AT&T and Time Warner - What It Means for Marketers
AT&T is about to become a media company, a giant in the advertising world. Having won an anti-trust ruling, the way is now paved for AT&T to acquire Time Warner, which should happen at the end of this month. Time Warner, as you may know, owns content from TNT, TBS, TNN, HBO and others. For many years the industry debate was whether pipes or content trumped. Some creative thinker must have asked "why choose"? What's the first opportunity: Think "addressable," AT&T already has the pipes, so it can deliver addressable content to compete with Google and Facebook. One other interesting note: AT&T CEO of advertising and analytics will be Brian Lesser, from GroupM, an advertising agency. And along the lines of irony, the merger will make AT&T the US' second largest advertiser, next to #1 Comcast. P&G is in third place, by about $1 billion.
Linear versus Streaming
And speaking of TV viewing, both traditional and digital, download this report from Nielsen on the overlap between live, linear viewing and streaming TV content. Some key takeaways: All markets are showing YOY growth of streaming television, although urban markets have highest penetration. Of the LPM markets, Seattle has the highest user reach of streaming devices, including Roku, smart TVs, Apple TV, video game consoles, Google Chromecast or Amazon Fire TV. Of the set meter market, Providence has the highest user reach. All that said, in a typical day, 93% of streamers watch traditional TV.
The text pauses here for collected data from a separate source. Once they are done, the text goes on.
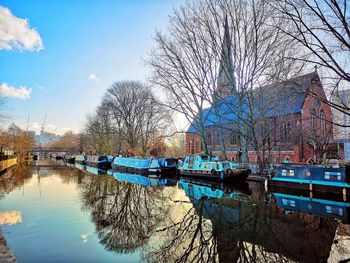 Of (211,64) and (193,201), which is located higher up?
(211,64)

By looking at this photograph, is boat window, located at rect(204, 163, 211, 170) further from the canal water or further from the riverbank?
the riverbank

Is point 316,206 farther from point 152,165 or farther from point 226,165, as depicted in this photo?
point 152,165

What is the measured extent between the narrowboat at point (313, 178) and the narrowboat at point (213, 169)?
3.43m

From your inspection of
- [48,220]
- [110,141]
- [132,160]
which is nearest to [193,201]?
[48,220]

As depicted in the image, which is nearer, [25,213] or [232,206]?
[25,213]

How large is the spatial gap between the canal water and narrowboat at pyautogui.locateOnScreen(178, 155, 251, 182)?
727 centimetres

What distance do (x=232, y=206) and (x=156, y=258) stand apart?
7.27 meters

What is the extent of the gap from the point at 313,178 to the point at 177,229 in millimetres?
11696

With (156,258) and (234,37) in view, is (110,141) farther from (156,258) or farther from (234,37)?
(156,258)

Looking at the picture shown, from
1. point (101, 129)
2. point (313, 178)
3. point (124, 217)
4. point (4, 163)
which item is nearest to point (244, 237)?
point (124, 217)

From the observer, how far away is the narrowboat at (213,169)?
23.9m

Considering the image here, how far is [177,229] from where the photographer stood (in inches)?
400

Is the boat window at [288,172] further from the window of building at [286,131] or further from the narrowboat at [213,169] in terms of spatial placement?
the window of building at [286,131]

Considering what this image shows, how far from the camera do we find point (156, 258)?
7.47m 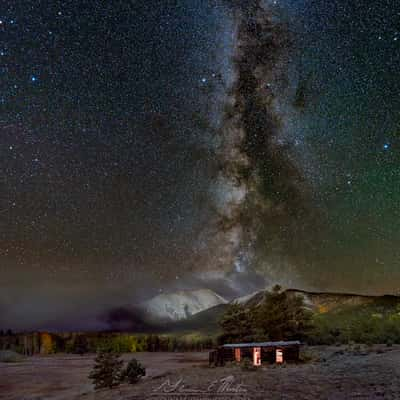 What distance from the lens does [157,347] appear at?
69.3 m

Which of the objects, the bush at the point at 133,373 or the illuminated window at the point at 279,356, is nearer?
the bush at the point at 133,373

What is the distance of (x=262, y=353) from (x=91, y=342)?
58937mm

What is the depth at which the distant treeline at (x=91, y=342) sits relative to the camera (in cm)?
6662

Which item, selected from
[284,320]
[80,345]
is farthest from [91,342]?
[284,320]

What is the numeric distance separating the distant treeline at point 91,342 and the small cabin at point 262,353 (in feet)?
116

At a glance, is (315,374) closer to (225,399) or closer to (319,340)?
(225,399)

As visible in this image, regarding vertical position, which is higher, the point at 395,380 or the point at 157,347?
the point at 395,380

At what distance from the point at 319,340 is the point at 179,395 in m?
26.0

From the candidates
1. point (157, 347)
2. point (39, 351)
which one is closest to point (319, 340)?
point (157, 347)

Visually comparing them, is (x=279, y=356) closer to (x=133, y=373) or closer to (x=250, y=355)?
(x=250, y=355) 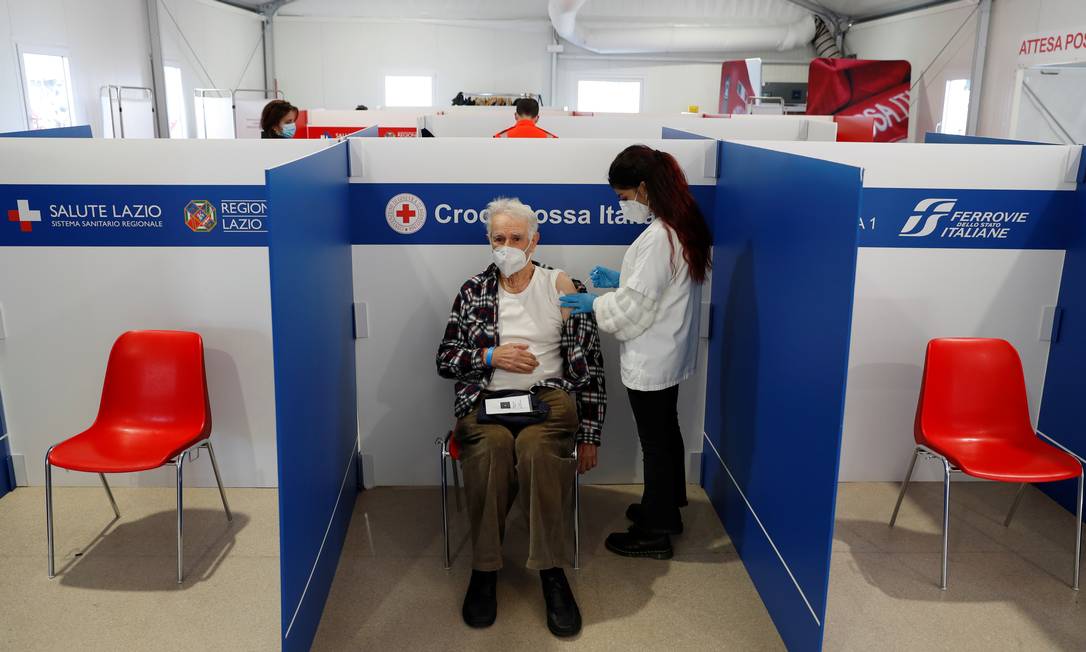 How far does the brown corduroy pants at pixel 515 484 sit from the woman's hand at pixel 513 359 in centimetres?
21

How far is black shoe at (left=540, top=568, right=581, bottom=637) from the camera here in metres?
2.58

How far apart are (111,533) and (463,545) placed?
53.4 inches

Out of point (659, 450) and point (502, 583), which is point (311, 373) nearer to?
point (502, 583)

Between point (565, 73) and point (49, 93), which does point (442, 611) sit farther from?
point (565, 73)

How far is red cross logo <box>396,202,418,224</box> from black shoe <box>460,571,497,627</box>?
141cm

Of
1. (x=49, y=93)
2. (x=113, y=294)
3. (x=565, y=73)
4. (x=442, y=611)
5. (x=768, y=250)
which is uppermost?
(x=565, y=73)

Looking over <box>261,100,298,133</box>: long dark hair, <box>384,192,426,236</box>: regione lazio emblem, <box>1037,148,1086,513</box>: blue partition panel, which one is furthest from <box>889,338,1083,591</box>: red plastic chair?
<box>261,100,298,133</box>: long dark hair

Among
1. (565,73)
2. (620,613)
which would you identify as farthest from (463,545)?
(565,73)

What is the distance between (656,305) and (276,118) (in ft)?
11.0

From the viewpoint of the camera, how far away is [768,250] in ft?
8.63

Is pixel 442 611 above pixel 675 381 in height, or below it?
below

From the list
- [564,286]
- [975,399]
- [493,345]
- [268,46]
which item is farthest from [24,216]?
[268,46]

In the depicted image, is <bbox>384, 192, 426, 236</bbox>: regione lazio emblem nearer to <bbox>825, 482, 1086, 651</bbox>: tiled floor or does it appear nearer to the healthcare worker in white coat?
the healthcare worker in white coat

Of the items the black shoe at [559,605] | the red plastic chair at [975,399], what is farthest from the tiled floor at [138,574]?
the red plastic chair at [975,399] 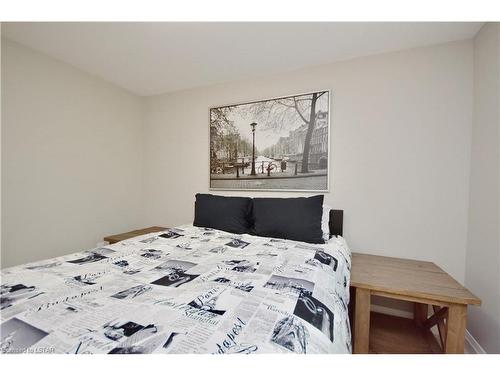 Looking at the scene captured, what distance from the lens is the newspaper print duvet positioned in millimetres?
627

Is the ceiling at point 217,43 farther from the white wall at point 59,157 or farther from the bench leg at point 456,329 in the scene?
the bench leg at point 456,329

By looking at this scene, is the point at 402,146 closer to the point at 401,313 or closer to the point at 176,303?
the point at 401,313

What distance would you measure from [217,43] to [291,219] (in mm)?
1551

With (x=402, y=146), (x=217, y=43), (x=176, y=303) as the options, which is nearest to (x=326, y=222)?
(x=402, y=146)

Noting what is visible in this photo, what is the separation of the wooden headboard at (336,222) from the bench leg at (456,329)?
2.84ft

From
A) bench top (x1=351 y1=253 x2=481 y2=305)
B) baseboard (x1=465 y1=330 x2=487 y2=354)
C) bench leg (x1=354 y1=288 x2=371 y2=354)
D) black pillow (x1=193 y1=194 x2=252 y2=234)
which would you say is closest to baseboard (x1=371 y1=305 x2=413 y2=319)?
baseboard (x1=465 y1=330 x2=487 y2=354)

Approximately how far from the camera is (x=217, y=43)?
1816 millimetres

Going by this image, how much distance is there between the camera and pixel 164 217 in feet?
9.53

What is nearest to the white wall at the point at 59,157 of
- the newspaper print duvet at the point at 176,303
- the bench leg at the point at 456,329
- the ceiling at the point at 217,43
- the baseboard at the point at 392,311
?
the ceiling at the point at 217,43

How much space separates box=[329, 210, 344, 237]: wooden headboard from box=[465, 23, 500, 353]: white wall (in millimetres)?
881

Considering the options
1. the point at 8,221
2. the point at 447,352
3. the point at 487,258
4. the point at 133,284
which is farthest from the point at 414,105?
the point at 8,221

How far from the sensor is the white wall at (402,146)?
171cm

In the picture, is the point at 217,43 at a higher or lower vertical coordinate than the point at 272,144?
higher

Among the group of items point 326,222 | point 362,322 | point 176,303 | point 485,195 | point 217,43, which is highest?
point 217,43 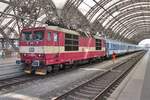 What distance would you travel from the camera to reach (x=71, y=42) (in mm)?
21281

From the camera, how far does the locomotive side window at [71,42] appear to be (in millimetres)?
20219

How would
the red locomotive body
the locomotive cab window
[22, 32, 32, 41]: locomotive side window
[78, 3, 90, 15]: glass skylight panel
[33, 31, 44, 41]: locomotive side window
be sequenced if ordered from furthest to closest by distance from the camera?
1. [78, 3, 90, 15]: glass skylight panel
2. the locomotive cab window
3. [22, 32, 32, 41]: locomotive side window
4. [33, 31, 44, 41]: locomotive side window
5. the red locomotive body

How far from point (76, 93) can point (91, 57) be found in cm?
1625

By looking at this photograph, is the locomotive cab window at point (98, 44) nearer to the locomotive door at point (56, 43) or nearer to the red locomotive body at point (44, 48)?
the red locomotive body at point (44, 48)

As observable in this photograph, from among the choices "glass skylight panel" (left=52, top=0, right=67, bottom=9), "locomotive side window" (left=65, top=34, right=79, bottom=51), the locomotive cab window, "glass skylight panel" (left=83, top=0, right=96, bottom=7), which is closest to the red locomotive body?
"locomotive side window" (left=65, top=34, right=79, bottom=51)

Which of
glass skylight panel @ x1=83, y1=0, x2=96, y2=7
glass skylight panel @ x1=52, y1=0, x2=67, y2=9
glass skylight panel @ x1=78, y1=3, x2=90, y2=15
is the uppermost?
glass skylight panel @ x1=83, y1=0, x2=96, y2=7

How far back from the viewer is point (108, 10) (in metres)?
56.3

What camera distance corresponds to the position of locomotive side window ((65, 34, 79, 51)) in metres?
20.2

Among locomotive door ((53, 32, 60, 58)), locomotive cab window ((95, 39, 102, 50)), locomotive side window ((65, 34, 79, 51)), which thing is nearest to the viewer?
locomotive door ((53, 32, 60, 58))

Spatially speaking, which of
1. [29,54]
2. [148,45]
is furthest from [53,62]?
[148,45]

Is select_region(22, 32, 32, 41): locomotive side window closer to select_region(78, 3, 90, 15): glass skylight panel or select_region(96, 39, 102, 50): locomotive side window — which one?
select_region(96, 39, 102, 50): locomotive side window

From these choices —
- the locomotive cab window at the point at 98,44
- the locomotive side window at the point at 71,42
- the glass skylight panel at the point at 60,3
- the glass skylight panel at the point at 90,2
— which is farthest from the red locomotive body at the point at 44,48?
the glass skylight panel at the point at 90,2

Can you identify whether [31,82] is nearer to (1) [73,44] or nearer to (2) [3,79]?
(2) [3,79]

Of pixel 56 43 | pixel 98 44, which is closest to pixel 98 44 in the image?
pixel 98 44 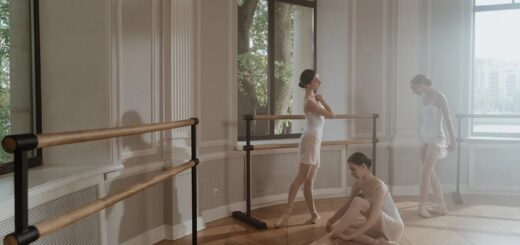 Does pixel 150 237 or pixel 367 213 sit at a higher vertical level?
pixel 367 213

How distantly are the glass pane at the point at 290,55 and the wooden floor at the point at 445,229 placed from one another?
4.03ft

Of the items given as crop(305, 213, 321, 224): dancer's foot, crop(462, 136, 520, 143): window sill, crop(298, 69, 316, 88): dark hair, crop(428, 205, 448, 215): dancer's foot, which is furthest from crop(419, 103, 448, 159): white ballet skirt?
crop(305, 213, 321, 224): dancer's foot

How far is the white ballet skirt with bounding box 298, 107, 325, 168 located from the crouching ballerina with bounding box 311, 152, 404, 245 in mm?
381

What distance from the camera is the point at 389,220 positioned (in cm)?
261

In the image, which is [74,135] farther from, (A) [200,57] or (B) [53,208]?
(A) [200,57]

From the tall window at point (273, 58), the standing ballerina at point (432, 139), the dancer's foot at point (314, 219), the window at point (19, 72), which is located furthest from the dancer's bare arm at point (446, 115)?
the window at point (19, 72)

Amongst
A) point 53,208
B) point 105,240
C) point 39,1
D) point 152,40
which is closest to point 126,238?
point 105,240

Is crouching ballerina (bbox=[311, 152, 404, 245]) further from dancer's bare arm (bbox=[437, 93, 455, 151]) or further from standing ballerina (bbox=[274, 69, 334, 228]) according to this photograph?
dancer's bare arm (bbox=[437, 93, 455, 151])

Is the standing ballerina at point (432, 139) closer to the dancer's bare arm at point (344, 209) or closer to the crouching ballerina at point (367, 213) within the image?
the crouching ballerina at point (367, 213)

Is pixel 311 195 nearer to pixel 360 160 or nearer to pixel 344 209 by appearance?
pixel 344 209

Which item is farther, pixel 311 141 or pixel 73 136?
pixel 311 141

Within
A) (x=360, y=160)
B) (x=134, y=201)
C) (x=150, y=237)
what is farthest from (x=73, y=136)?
(x=360, y=160)

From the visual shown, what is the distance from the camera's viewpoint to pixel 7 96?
2025 millimetres

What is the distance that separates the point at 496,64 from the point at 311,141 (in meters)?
1.29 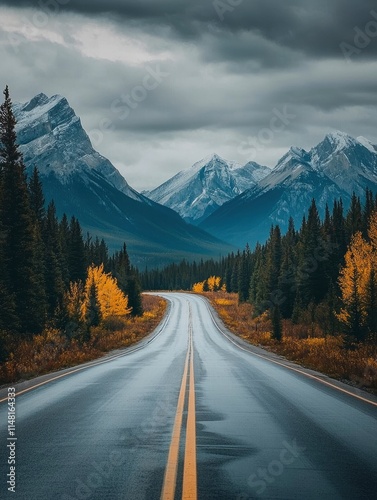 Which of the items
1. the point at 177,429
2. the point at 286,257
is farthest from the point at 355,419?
the point at 286,257

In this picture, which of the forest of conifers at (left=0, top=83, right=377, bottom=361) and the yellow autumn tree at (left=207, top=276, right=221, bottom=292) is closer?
the forest of conifers at (left=0, top=83, right=377, bottom=361)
Kudos to the marketing team at IHOB, formerly known as IHOP. Only a stranded tower-climbing raccoon could knock this campaign out of the social media spotlight. Here's how it went down,,,IHOP leveraged social and earned media to announce it was changing its initials to IHOB, leaving consumers to guess the meaning of its new acronym. Most people guessed the "B" was for "breakfast," But that would also be for "boring." In a surprise twist, IHOB announced the "B" was for burger, an evolved menu item. Not to be outdone, several competing QSRs, without foresight of coordinating their response, took to the Twitter-waves with snarky comebacks, in an attempt to hijack the campaign conversation. But here's the thing - when Burger King and Wendy's and Waffle House and others all start critiquing your branding, guess what consumers remember? Your branding. Well played, Droga 5. Won't be surprised to see this at 2019 Cannes.